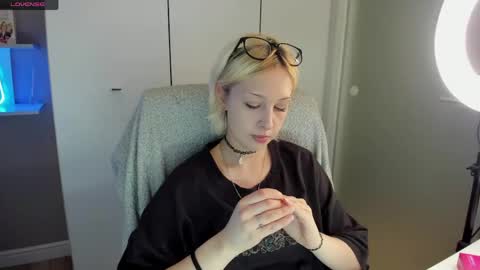 Snapshot of starelli chatting on 05/12/26, 08:50 Kate online show from 05/12/26, 08:50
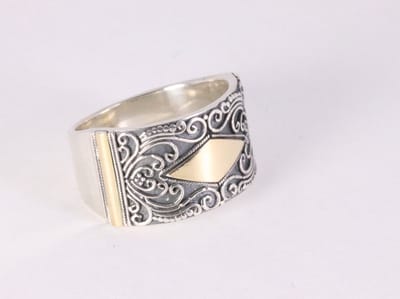 Traditionele bewerkte zilveren ring met 18k gouden decoraties - maat 19.5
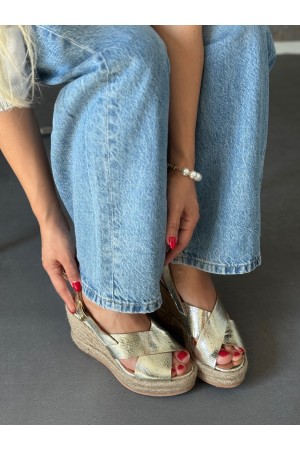 Gold hasır dolgu topuk sandalet 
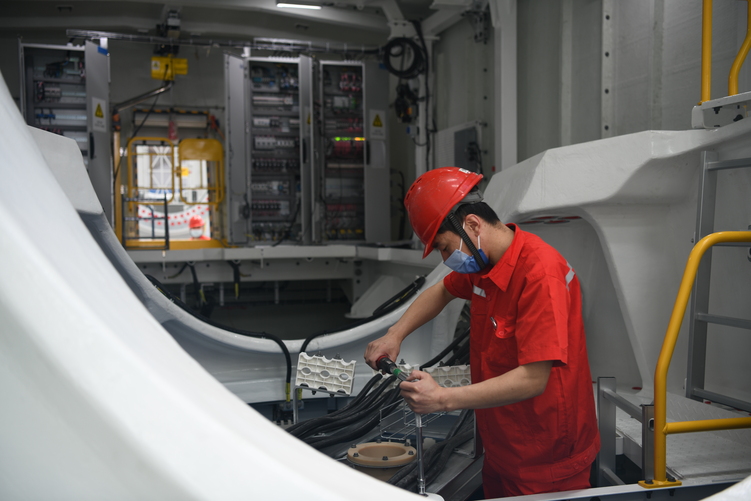 河北隆化:大力發展風電裝備製造産業_fororder_7.JPG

**Task**
Set down the data above exactly as written. Omit the pictures.

**Worked solution**
 Snapshot of starelli chatting on 05/12/26, 08:50 Kate online show from 05/12/26, 08:50
 Traditionele bewerkte zilveren ring met 18k gouden decoraties - maat 19.5
 Gold hasır dolgu topuk sandalet 
 河北隆化:大力發展風電裝備製造産業_fororder_7.JPG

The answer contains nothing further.